Aspek fundamental lainnya adalah status tanah. Pastikan tanah yang dibangun adalah Hak Guna Bangunan (HGB) di atas Hak Milik (SHM) atau langsung SHM. Developer yang jujur akan menunjukkan Sertifikat Induk atas nama perusahaan mereka. Penipuan sering terjadi ketika developer menjual unit menggunakan surat perjanjian pengikatan jual beli (PPJB) tanpa mengantongi SHM pecah per kavling. Jika Anda berencana mengajukan KPR Bank, bank akan menolak pembiayaan jika sertifikat induknya bermasalah atau masih dalam status sengketa.

Dampak Ekonomi Jangka Panjang dari Pembelian Bermasalah

Secara ekonomi, terjebak dalam proyek fiktif atau mangkrak akan menghambat rencana keuangan Anda secara signifikan. Uang muka yang sudah dibayarkan sering kali sulit kembali, dan jika Anda sudah terlanjur mencicil ke developer, Anda kehilangan kesempatan untuk mendapatkan Cicilan Rumah Murah melalui skema KPR bank yang menawarkan Suku Bunga Rendah kompetitif.
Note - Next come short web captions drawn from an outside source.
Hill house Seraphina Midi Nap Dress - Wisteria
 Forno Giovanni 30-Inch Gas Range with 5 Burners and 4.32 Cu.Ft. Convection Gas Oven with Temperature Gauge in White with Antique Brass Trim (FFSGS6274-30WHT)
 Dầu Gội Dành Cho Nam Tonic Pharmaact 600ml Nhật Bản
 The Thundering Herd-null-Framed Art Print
Penundaan serah terima kunci akibat masalah hukum developer juga berarti Anda harus terus mengeluarkan biaya sewa, yang merupakan beban ganda yang merugikan.
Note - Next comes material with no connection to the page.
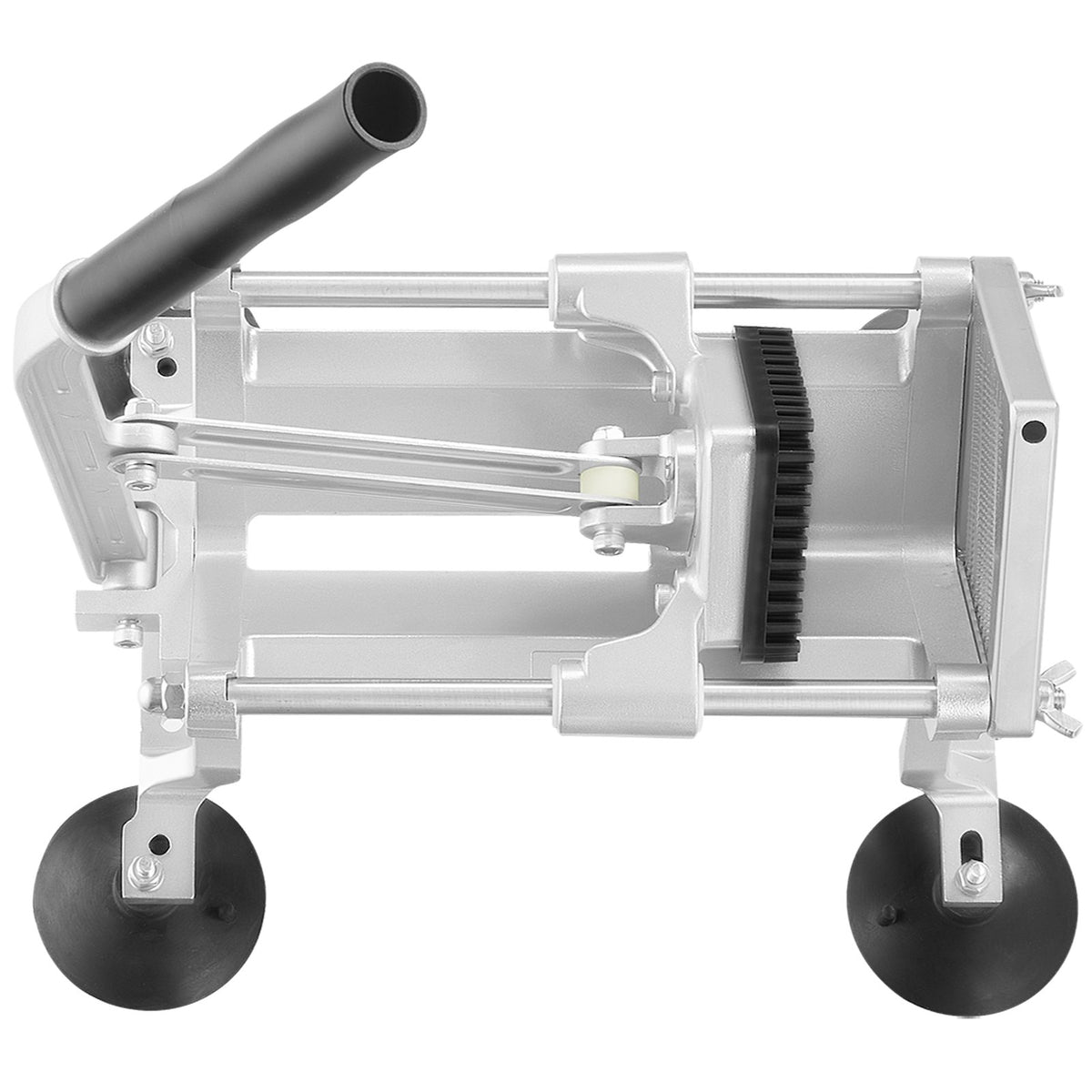 VEVOR Commercial Vegetable Slicer, 1/4 inch Fruit Slicer, Stainless Steel and Aluminum Alloy Vegetable Cutter Slicer Machine, Manual Slicer with Non-slip Feet, for Radishes, Onions, Potatoes, Lemons - FQQPJWS14INCM6M4PV0 - view 10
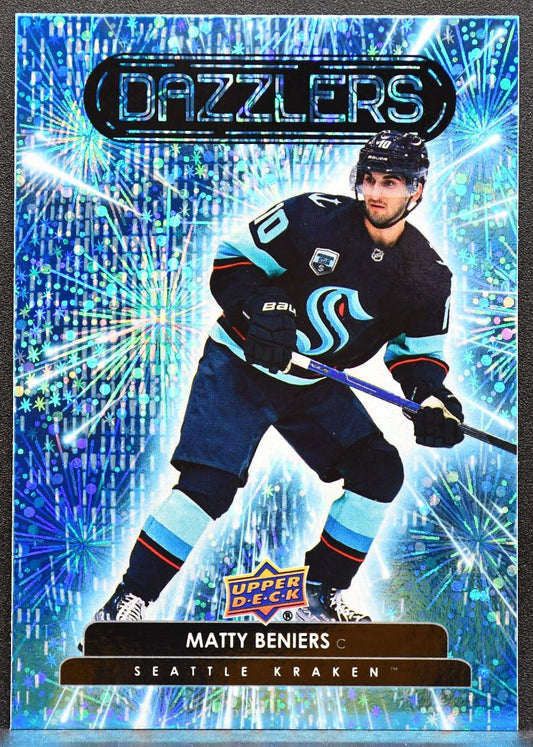 2022-23 Upper Deck Series 1 Dazzlers Blue Matty Beniers DZ-18 Kraken 8044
Menilai Track Record dan Reputasi Developer

Kredibilitas developer dapat dinilai dari rekam jejak proyek sebelumnya. Cari tahu apakah proyek-proyek yang sudah mereka bangun telah terselesaikan tepat waktu dan sesuai spesifikasi yang dijanjikan. Kunjungi lokasi proyek lama mereka, bicaralah dengan penghuni di sana mengenai kualitas bangunan dan pelayanan purna jual. Developer yang memiliki reputasi baik adalah aset penting dalam Investasi Properti Anda, karena mereka cenderung menjaga kualitas untuk menjaga citra merek mereka.